Not my eBay auction but this caught my eye:

McIntosh 1" Dome Tweeters

McIntosh Tweets. Didn't know they really made too many tweets. Did they outsource these from Vifa, Scan Speek, etc.? Does anybody know anything about them?

Might be a good pickup...


----------



## TrickyRicky (Apr 5, 2009)

You have to read the description. The cover is CUSTOM MADE with "MCINTOSH" molded on the cover. Does not mean they are made or have any connection with the actual McIntosh company.

I dont think McIntosh can do much, since someone can say "thats my last name and I wanted to customize my items".


----------



## mathman (Jun 15, 2005)

The description was taken from http://www.roger-russell.com/driverst.htm#d122 - the very last item on the page. So they appear, at a glance, to be legit McIntosh.


----------



## JJAZ (Feb 17, 2006)

The ad says the tweeters are made by Tonegen (Japan), so that part is easy to answer.

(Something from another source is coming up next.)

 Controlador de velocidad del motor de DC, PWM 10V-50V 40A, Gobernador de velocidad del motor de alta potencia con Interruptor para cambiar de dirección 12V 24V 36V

To my knowledge McIntosh has never produced tweeters on their own, but bought quite a lot of really cheap tweeters for their products :-(


----------



## rexroadj (Oct 31, 2008)

I have these from about 10+ yrs ago.....While they are not "made" by Mcintosh, they were used on a few of there old school designs and are great tweets. I have them in a set of bookshelfs with "mcintosh 5.25"s (vifa) and they are also pretty nice! I did run the tweets back when I first got them in my truck and they were also very appealing.....


----------